| WHAT THIS TASK INVOLVES |
Reproduce from the records below, with no pictures, exactly the lines between the one containing "ROYAL CANIN JACK" and the one containing "Polymer Matrix Composites Market", inclusive.

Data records
——
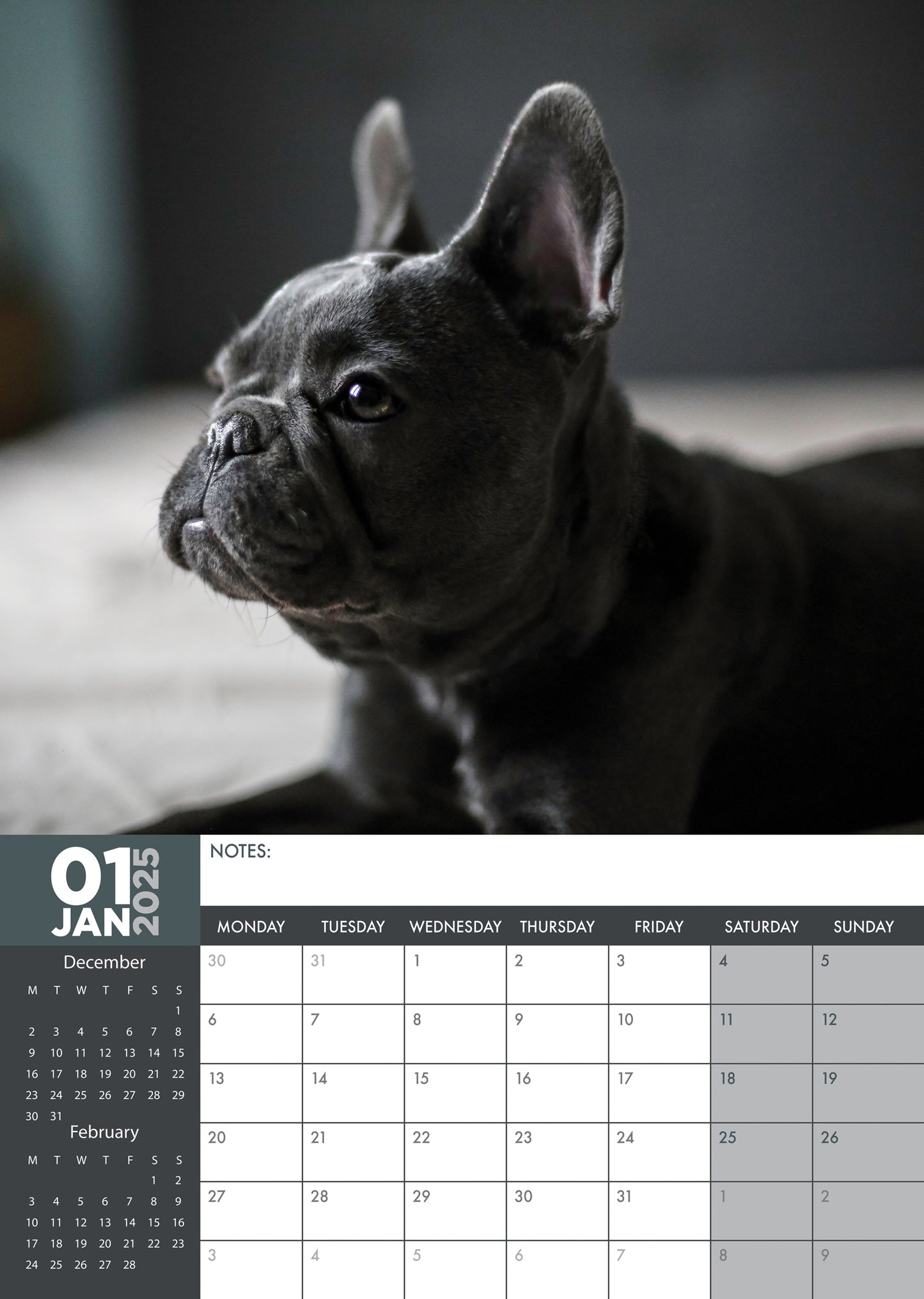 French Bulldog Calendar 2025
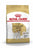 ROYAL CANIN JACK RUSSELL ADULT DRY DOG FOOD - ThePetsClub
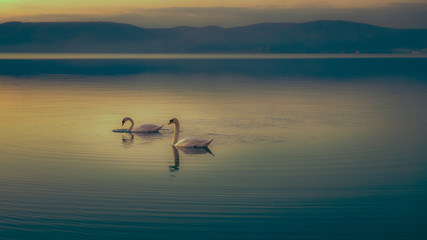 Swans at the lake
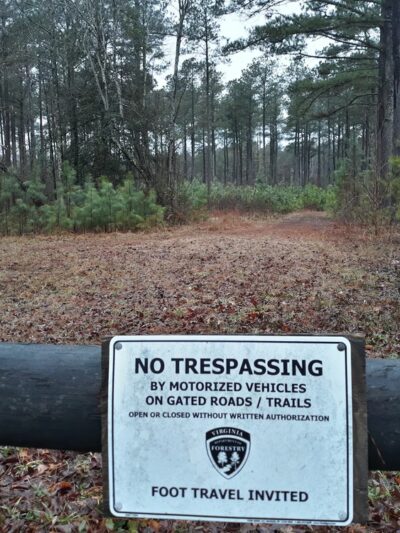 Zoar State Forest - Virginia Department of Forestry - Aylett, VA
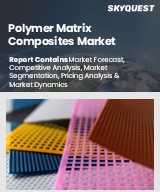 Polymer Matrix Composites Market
——
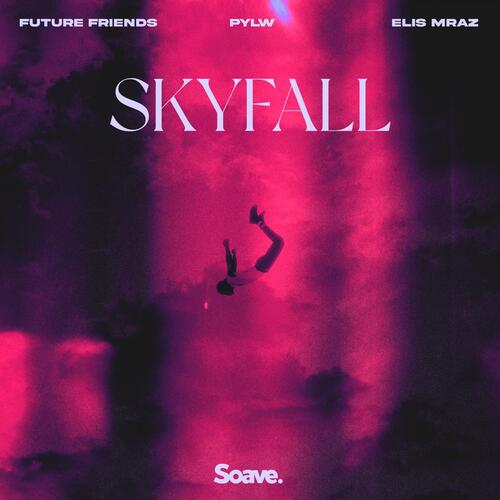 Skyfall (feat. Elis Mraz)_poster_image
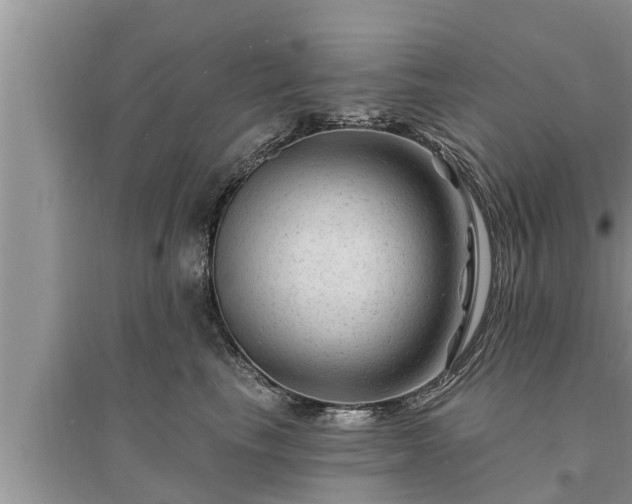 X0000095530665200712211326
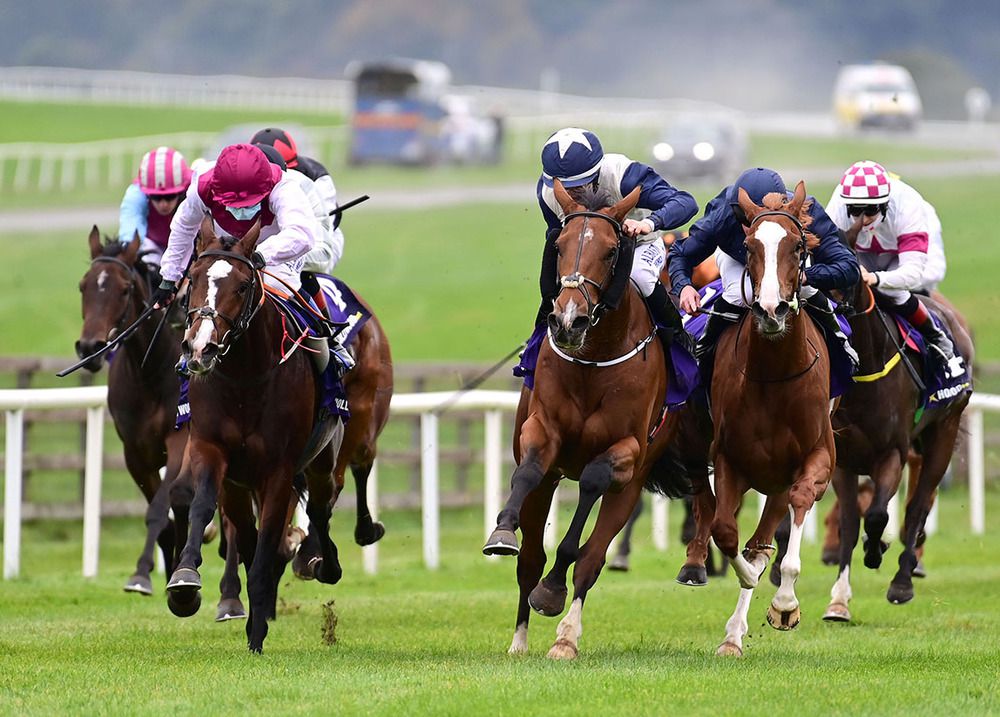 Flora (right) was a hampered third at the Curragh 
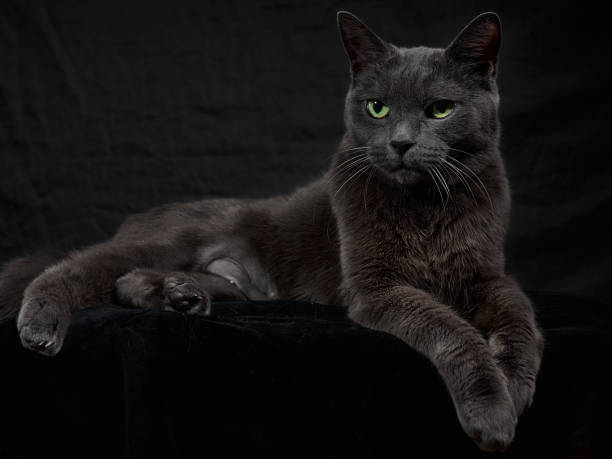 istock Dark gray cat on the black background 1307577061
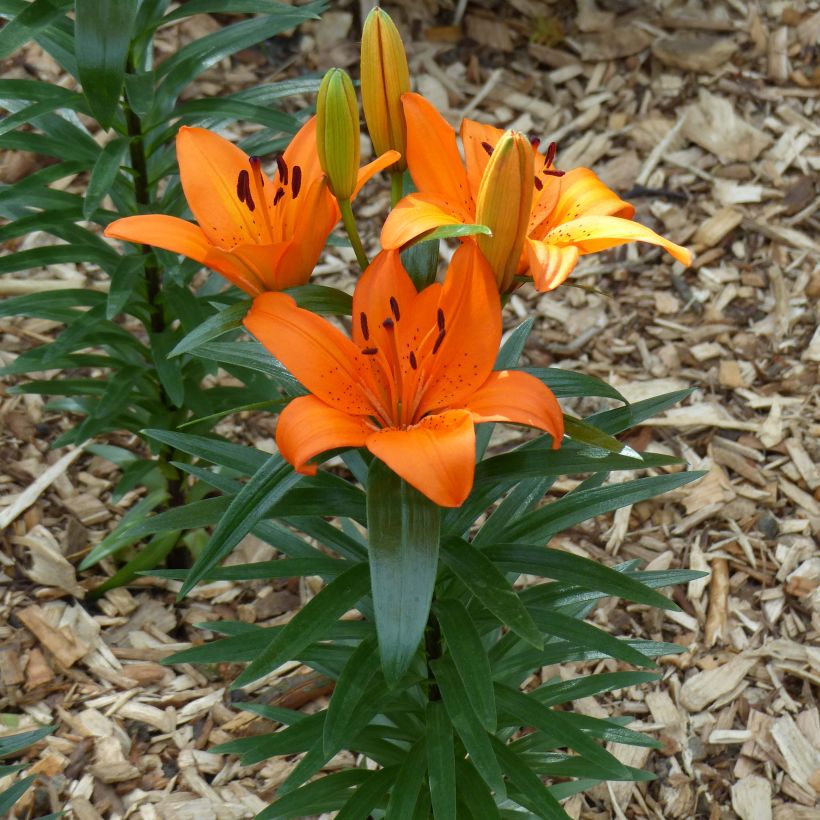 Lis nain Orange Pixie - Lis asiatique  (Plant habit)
——
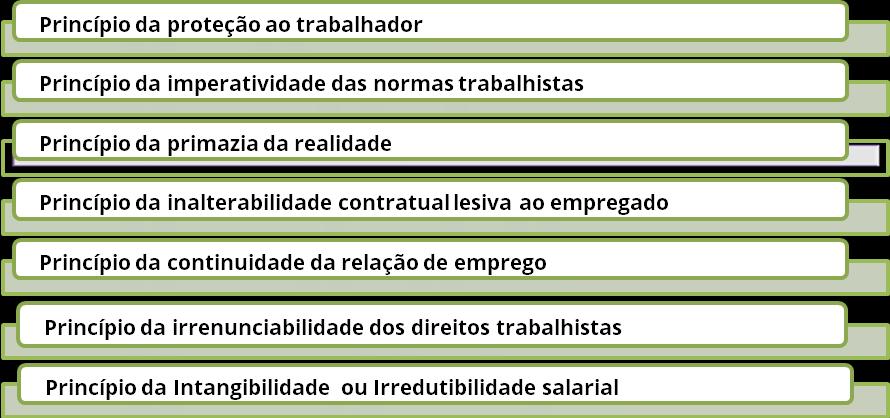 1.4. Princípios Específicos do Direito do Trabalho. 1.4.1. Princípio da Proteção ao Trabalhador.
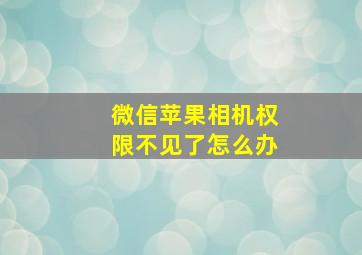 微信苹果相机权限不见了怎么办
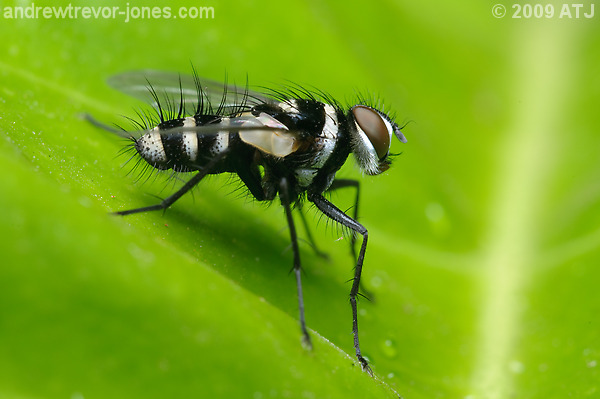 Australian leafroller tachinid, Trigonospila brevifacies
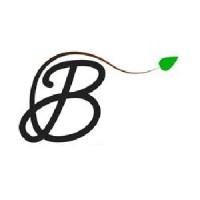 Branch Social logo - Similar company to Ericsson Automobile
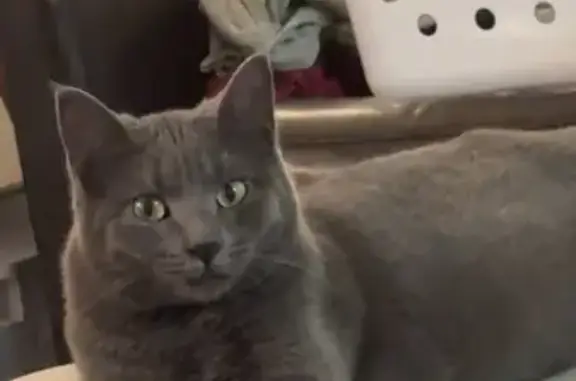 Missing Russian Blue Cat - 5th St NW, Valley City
——
| WRITTEN SOLUTION |
 ROYAL CANIN JACK RUSSELL ADULT DRY DOG FOOD - ThePetsClub
 Swans at the lake
 Zoar State Forest - Virginia Department of Forestry - Aylett, VA
 Polymer Matrix Composites Market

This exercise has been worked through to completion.